Türkis-Grün überlässt bei der Inszenierung nichts dem Zufall. Am Vormittag wurde der neue Gesundheitsminister in der Hofburg angelobt, am Nachmittag zog sich die Koalition zur zweitägigen Arbeitsklausur ins Bundeskanzleramt zurück. Coronabedingt musste diesmal auf das Begleitprogramm verzichtet werden.

Zum Auftakt des zweitägigen Treffens bedienten sich Bundeskanzler Sebastian Kurz und Vizekanzler Werner Kogler ähnlicher Formulierungen. Man wolle den „Blick nach vorne richten“, erklärte der Kanzler. „Jetzt geht es darum, dass wir wieder nach vorne schauen“, sekundierte der Vizekanzler.

Was im Umkehrschluss bedeutet: Unter das dunkle Kapitel der jüngsten Vergangenheit soll ein- für allemal ein Schlussstrich gezogen werden. Corona hat nicht nur knapp 10.000 Todesopfer gefordert, sondern das Land in die schwerste Wirtschaftskrise seit Jahrzehnten gestürzt - mit einer Million Menschen in Kurzarbeit oder ohne Job. Während die erste Welle bald im Keim erstickt wurde, bekam die Regierung die zweite Welle nie in den Griff. Koalitionsintern überwogen die Spannungen, symptomatisch die Politik der Nadelstiche zwischen Kanzler und Ex-Gesundheitsminister Rudolf Anschober.Und der Glanz des Türkisen ist verblasst.

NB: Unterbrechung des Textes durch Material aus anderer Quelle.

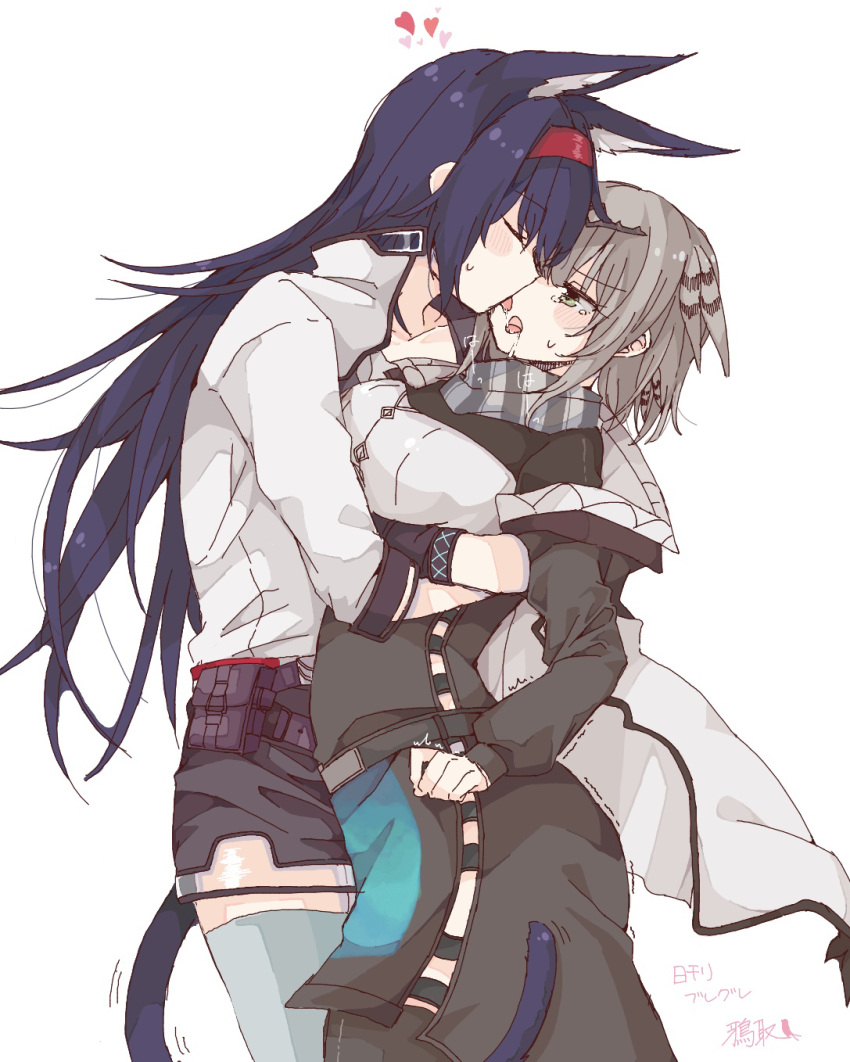 2girls, animal_ears, arknights, bird_girl, blaze_(arknights), blue_hair, blush_stickers, breasts, cat_ears, cat_girl, cat_tail, closed_eyes, commentary_request, eyebrows_visible_through_hair, feathers, grey_hair, greythroat_(arknights), hairband, heart, highres, hug, karasuto, long_hair, multiple_girls, red_hairband, saliva, saliva_swap, saliva_trail, sweatdrop, tail, tongue, tongue_out, yuri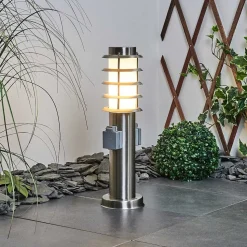 Borne Lumineuse Tunes Nickel Mat, 1 Lumiere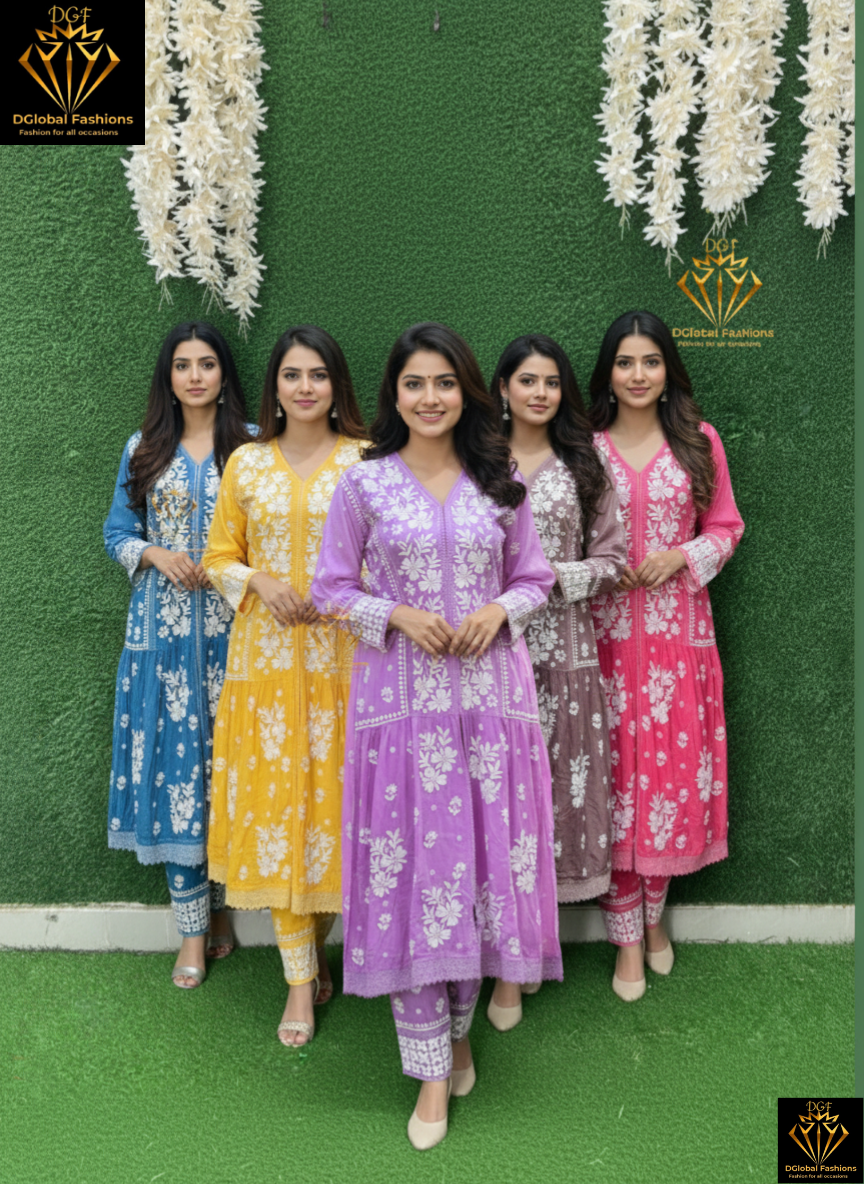 Crepe Ombre Dyed Lucknowi Chikankari Co-Ord Set with 3D Handwork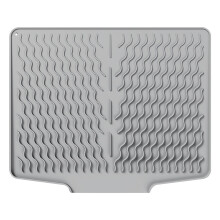 Tapis d'égouttage en silicone pour évier (1 pièce), égouttoir antidérapant en silicone alimentaire résistant à la chaleur pour un séchage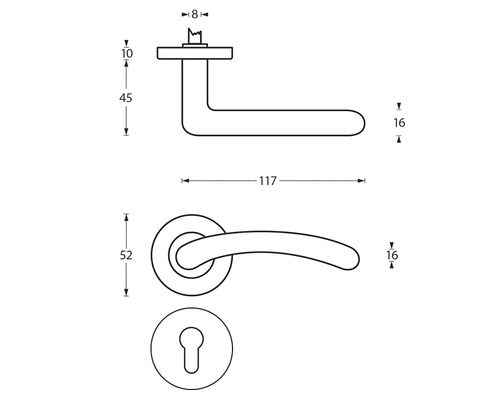 Technische Zeichnung eines Türdrückers mit Rosette und Schlüsselrosette mit Maßangaben
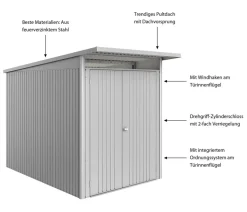 Biohort Metallgerätehaus AvantGarde ECO A3, ca. B180/H217/T300 cm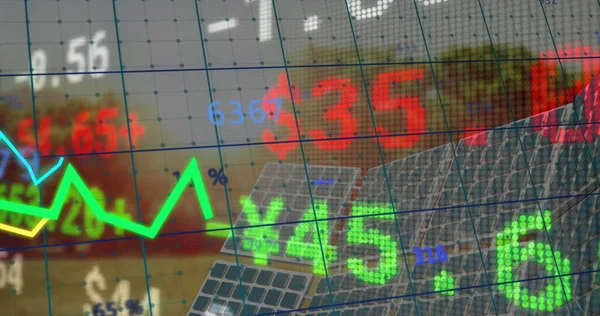 Imagen Del Procesamiento Datos Sobre Paneles Solares Concepto Negocio Global —  Fotos de Stock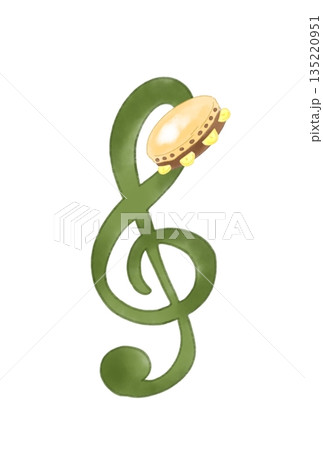 タンバリンの付いた音符 135220951
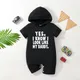 Baby Boys Casual "Yes I Know I Look Like My Daddy" Short Sleeve Hooded Romper Jumpsuit Clothes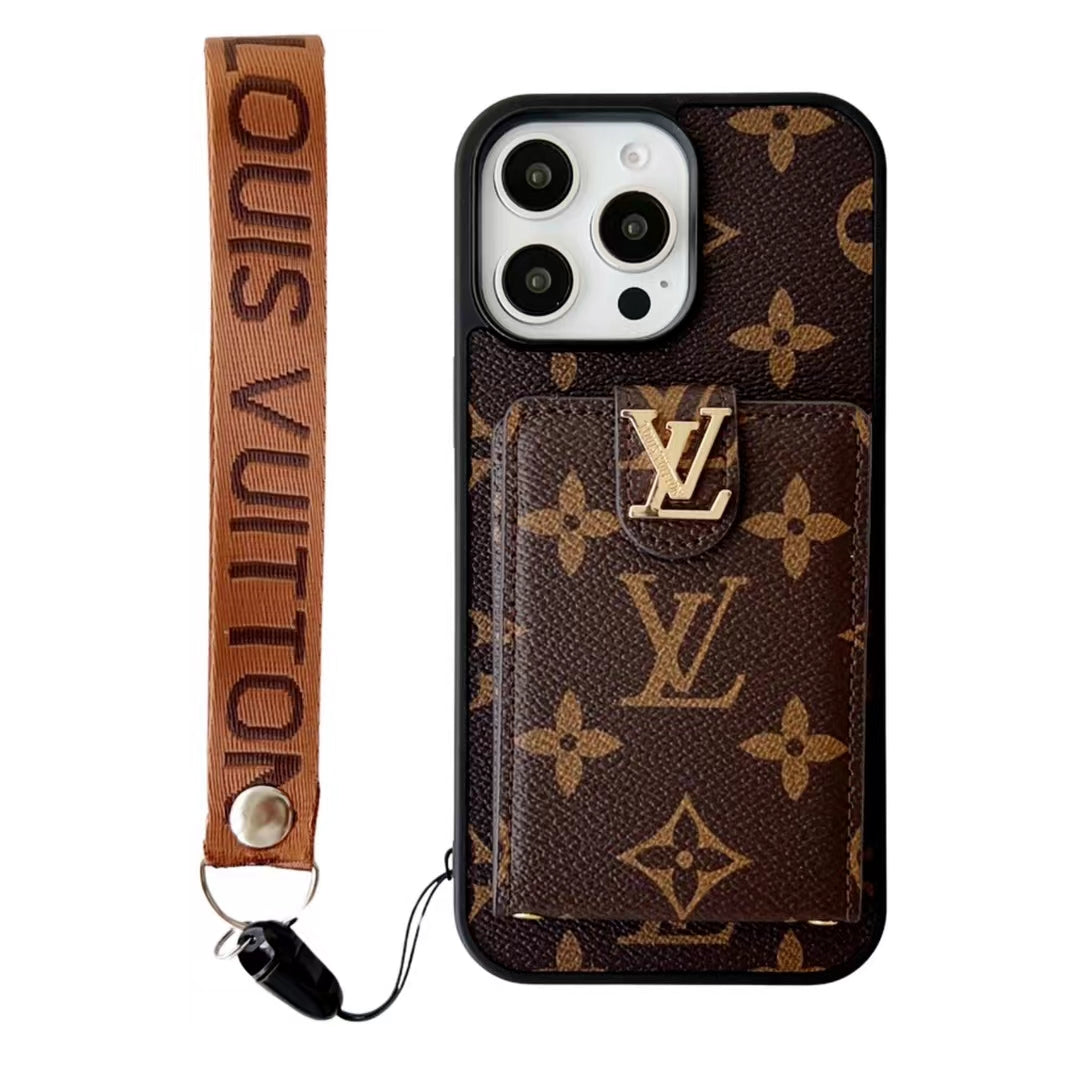 LV Hand Strap Phone Case Card Holder for iPhone
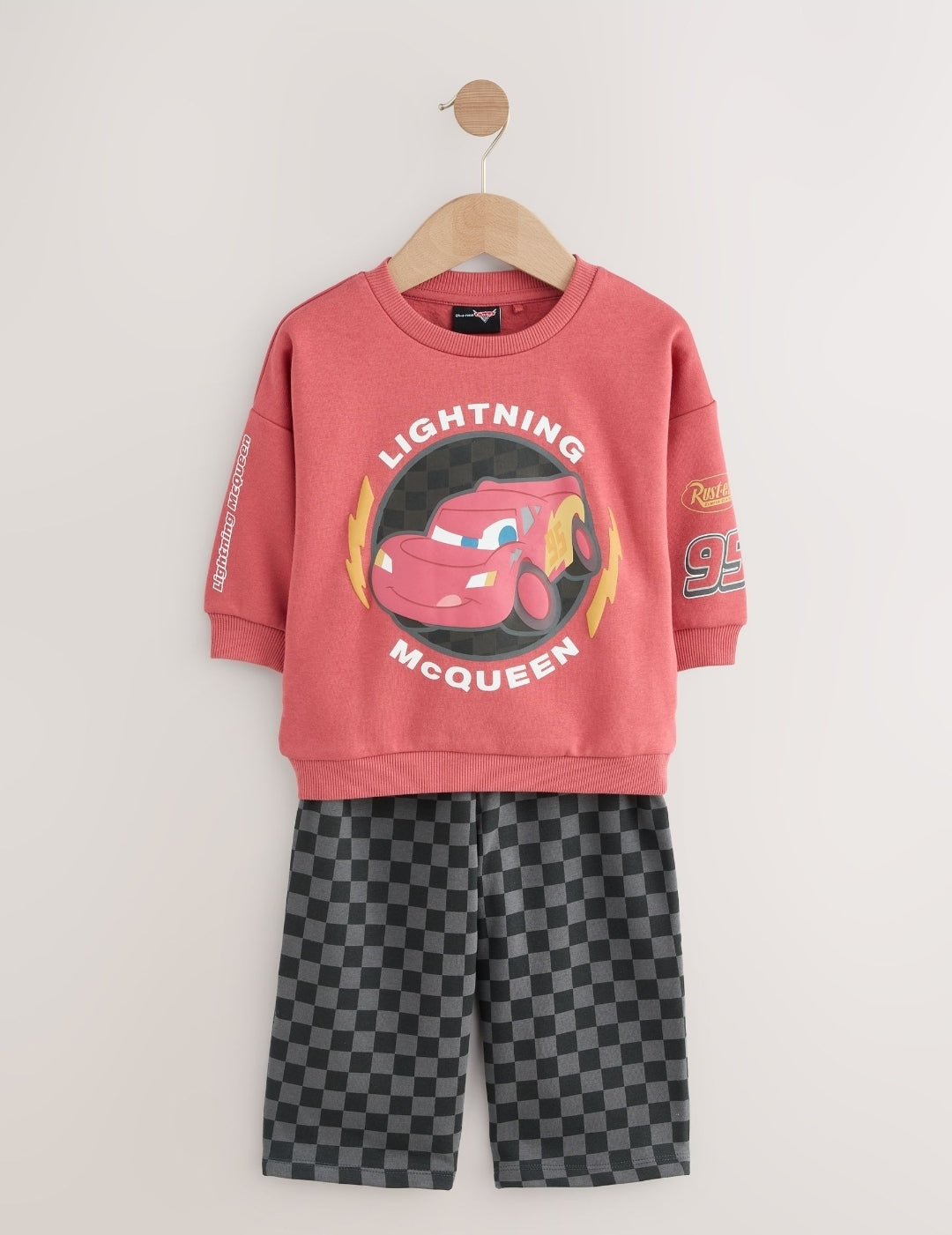 Red Charcoal Cars Crew
Sweatshirt and Joggers Set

So gesehen wollen ÖVP und Grüne neu durchstarten. Am Rande der Klausur wird einmal mehr versichert, dass ausgelöst durch die Impfungen, die immer mehr an Fahrt aufnehmen, das Ende des Corona-Horrors bald in Sichtweite sei. Mitte Mai oder zu Pfingsten sollen am selben Tag alle Bereiche, die derzeit geschlossen sind, also Gastronomie, Kultur, Sport, auch die Hotellerie unter scharfen Auflagen und in kleinem Rahmen öffnen dürfen - Masken-, Test-, Registrierungspflicht inkludiert. Am Freitag soll der Fahrplan von der Öffnungskommission, der auch die Sozialpartner und die Landeshauptleute angehören, fixiert werden – vorausgesetzt, Infektionsgeschehen wie auch die Lage in den Spitälern entspannen sich signifikant in den nächsten vier bis fünf Wochen.

Für Aufsehen sorgt ein Punkt: Bisher wurden Geimpfte gleich wie alle anderen Bürger behandelt. Nun ist angedacht, dass sich Geimpfte, bei denen der zweite Stich ein paar Wochen zurückliegt und die deshalb immunisiert sind, von der Testpflicht ausgenommen werden könnten. Mit den für Mai angedachten Öffnungsschritten werden auch die Reisebeschränkungen gelockert.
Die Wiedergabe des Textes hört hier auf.